Padahal, tanpa aturan sekolah, potensi perundungan antar siswa sudah muncul. Namun, probabilitasnya akan semakin besar ketika institusi pendidikan lah yang memfasilitasinya. Contohnya saja di Amerika Serikat, temuan survei dari Institute for Social Policy and Understanding memperlihatkan bahwa 48% pelajar Muslim, terutama yang mengenakan jilbab mengalami perundungan karena agama yang mereka yakini. Bahkan 20% dari mereka mengatakan bahwa bullying terjadi setiap hari.

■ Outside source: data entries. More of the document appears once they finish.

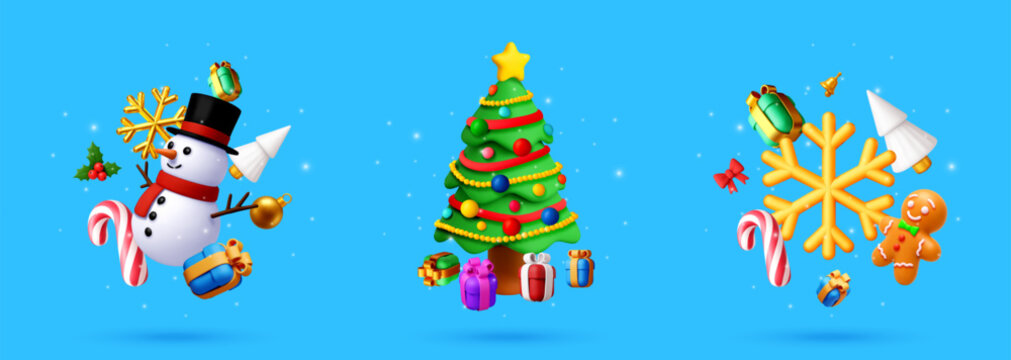 Set of 3d Christmas icons featuring snowman, decorated spruce tree and snowflake. Festive winter holiday collection with gift, candy cane and gingerbread man. Minimalist graphic design.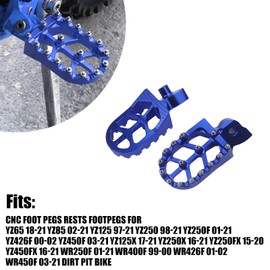 Motorcycle CNC Foot Pegs Rests Footpegs For YZ65 18-21 YZ85 02-21 YZ125 97-21 YZ250 98-21 YZ250F 01-21 YZ426F 00-02 YZ450F 03-21 YZ125X 17-21 YZ250X 16-21 Dirt Pit Bike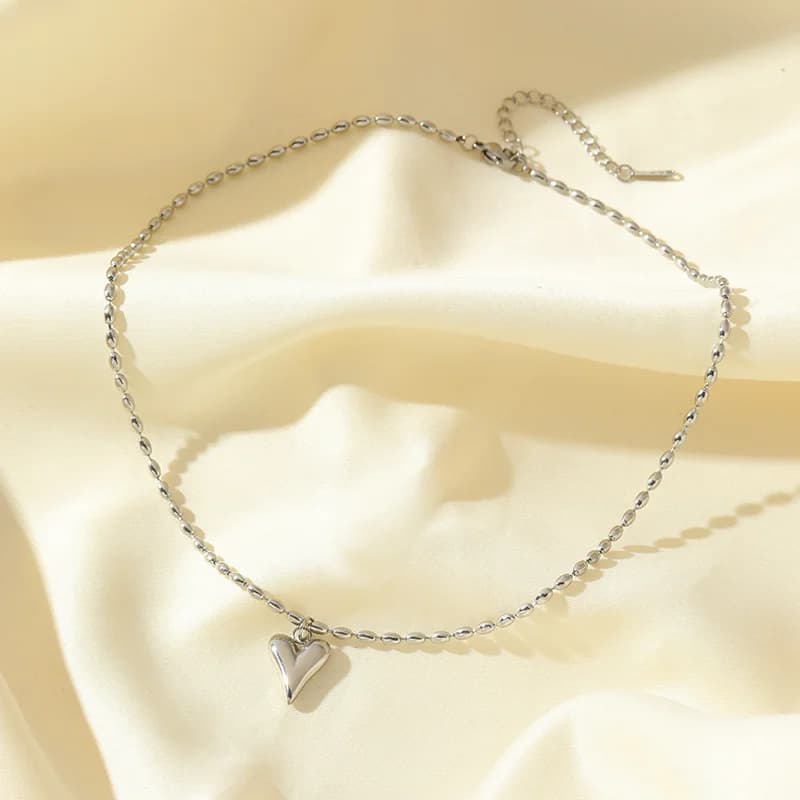 Heart Love Necklace and Earrings Set, Silver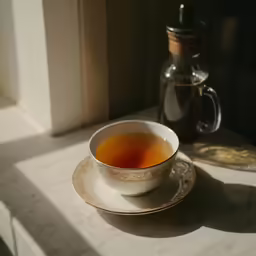 a cup that is on a saucer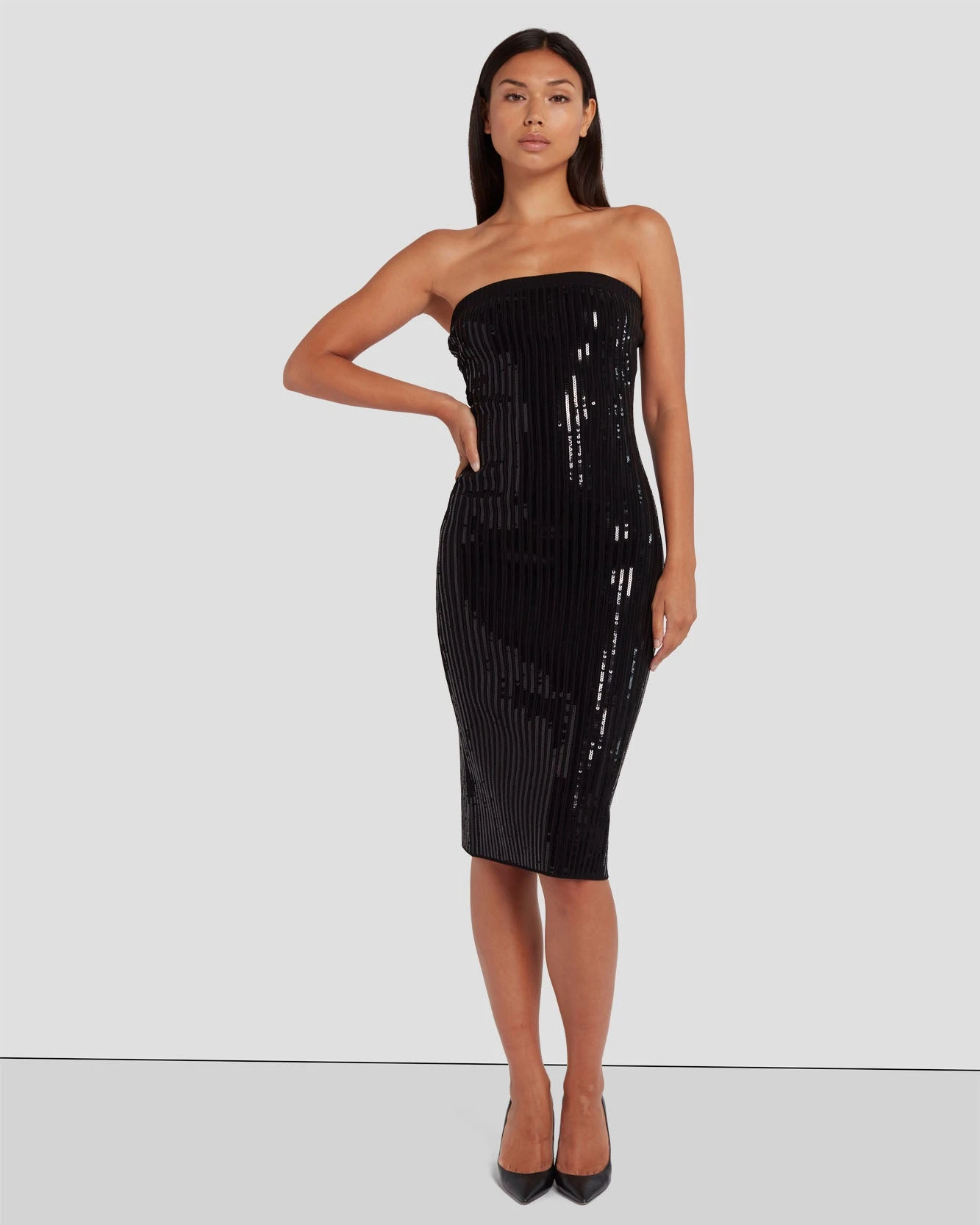 7 For All Mankind Sequin Bodycon Dress In Black 7 7 For All Mankind Sequin Bodycon Dress In Black - Image 5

Di Indonesia kondisinya tidak jauh berbeda. Sepanjang 2015 hingga 2022, Komisi Perlindungan Anak Indonesia (KPAI) mencatat sejumlah kasus pemaksaan jilbab yang berkaitan erat dengan perundungan peserta didik. Di antaranya terjadi di Riau, Jawa Tengah, Yogyakarta, dan sebagainya. Kasus sebaliknya, pelarangan penggunaan juga terjadi di sejumlah daerah Timur, seperti Nusa Tenggara Timur, dan Papua.
Menyikapi maraknya aturan pemaksaan maupun pelarangan jilbab, seharusnya sekolah mampu bersikap tegas dengan memberikan kelonggaran dan toleransi terhadap hak yang melekat pada siswa mereka. Terlebih ketika sekolah justru mengabaikan dan malah turut melanggengkan aturan diskriminatif ini. Dampaknya akan semakin buruk.
Siswa yang menjadi korban akan menghadapi problem kesehatan mental, dan dalam jangka panjang. Pelaku perundungan bukan tidak mungkin akan melakukan tindakan yang sama bila sekolah dan pemerintah tidak bertindak tegas. Di sisi lain, yang menjadi ironi, pelaku perundungan kadang lembaga Pendidikan.
Regulasi Jilbab: Kebijakan Populis nan Diskriminatif
Aturan terkait jilbab sebagian besar dimunculkan oleh politisi untuk meraih simpati kelompok mayoritas. Salah satu faktor yang mendasari keluarnya regulasi tersebut adalah asumsi yang melihat bahwa pengaturan bagaimana perempuan berpakaian (dalam hal ini: pelajar). Diharapkan akan memudahkan mereka untuk memobilisasi pemilih.
Sayangnya, kebijakan populis ini selanjutnya justru semakin menormalisasi perundungan terhadap siswa, terutama dari kelompok minoritas. Jilbab sebagai simbol kesalehan dan moralitas kemudian menjadi sumber intoleransi tak berujung antara kelompok mayoritas dan minoritas. Selain kian melebarkan hubungan sosial antar siswa. Aturan terkait pemakaian jilbab juga memperlihatkan bagaimana kohesi sosial yang kian memudar di antara komunitas.
Polarisasi tajam yang dimainkan oleh politisi tampaknya semakin membuat diversitas populasi, baik di Indonesia maupun di negara barat malah tidak diakomodasi. Demi kepentingan politik jua, hak asasi manusia justru dipinggirkan. Ketika politisi hanya mementingkan kepentingan pribadi dan kelompok semata, mereka justru semakin mengabaikan dampak regulasi jilbab dan potensi perundungan terhadap siswi di sekolah.
Berdasarkan dari Rivara (2016), perundungan anak memiliki banyak efek samping. Tidak hanya dampak pendek, tapi juga jangka panjang. Korban perundungan akan terus menerus mengalami ketakutan dan kekhawatiran yang mengakibatkan mereka enggan untuk bersekolah.
Menurut studi yang sama, korban perundungan dalam jangka panjang akan kesulitan untuk menghadapi lingkungan baru. Korban terus diliputi rasa was-was, yang bahkan bila tidak terobati, bisa memicu individu tersebut untuk melakukan bunuh diri. Melihat risiko yang ditimbulkan oleh adanya regulasi terkait jilbab ini.
Seharusnya, pemerintah terutama di tingkat nasional dan daerah harus bekerja sama dengan sekolah untuk dapat menciptakan sistem aturan yang jauh lebih toleran dan memerdekakan siswa. Sebab, bila aturan diskriminatif sejenis terus dibiarkan, bukan tidak mungkin potensi pelajar di Indonesia justru meredup. Bahkan, masa depan Indonesia baik di bidang akademik maupun sosial terancam kian memburuk.